What number of lines in the listing contain "Size"? Answer with that number only.

+++ Data

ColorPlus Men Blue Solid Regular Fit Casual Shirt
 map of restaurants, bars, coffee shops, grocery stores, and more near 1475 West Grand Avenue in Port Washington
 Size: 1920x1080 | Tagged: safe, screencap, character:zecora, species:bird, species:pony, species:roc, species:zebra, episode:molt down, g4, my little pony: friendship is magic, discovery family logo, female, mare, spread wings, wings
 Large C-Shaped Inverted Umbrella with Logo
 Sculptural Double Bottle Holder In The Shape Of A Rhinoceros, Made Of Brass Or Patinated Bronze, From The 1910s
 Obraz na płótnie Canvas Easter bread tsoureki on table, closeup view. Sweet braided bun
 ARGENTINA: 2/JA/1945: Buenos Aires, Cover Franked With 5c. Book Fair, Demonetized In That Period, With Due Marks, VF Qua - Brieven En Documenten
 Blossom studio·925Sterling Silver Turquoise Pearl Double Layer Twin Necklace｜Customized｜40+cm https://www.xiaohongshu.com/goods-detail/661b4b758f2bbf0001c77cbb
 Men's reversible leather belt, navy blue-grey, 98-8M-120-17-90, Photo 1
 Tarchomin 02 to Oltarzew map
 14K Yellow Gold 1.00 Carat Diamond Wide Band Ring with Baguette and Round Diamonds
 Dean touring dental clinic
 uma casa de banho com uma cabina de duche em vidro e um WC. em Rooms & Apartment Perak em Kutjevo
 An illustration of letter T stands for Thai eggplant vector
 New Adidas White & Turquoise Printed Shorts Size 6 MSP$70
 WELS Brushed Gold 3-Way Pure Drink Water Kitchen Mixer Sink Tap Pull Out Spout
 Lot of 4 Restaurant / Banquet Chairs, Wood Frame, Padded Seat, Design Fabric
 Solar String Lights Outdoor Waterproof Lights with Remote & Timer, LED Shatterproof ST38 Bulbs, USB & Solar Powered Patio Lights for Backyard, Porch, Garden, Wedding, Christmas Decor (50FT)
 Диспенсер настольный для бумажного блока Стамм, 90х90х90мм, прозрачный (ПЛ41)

++++++

§ **Result of this task**
2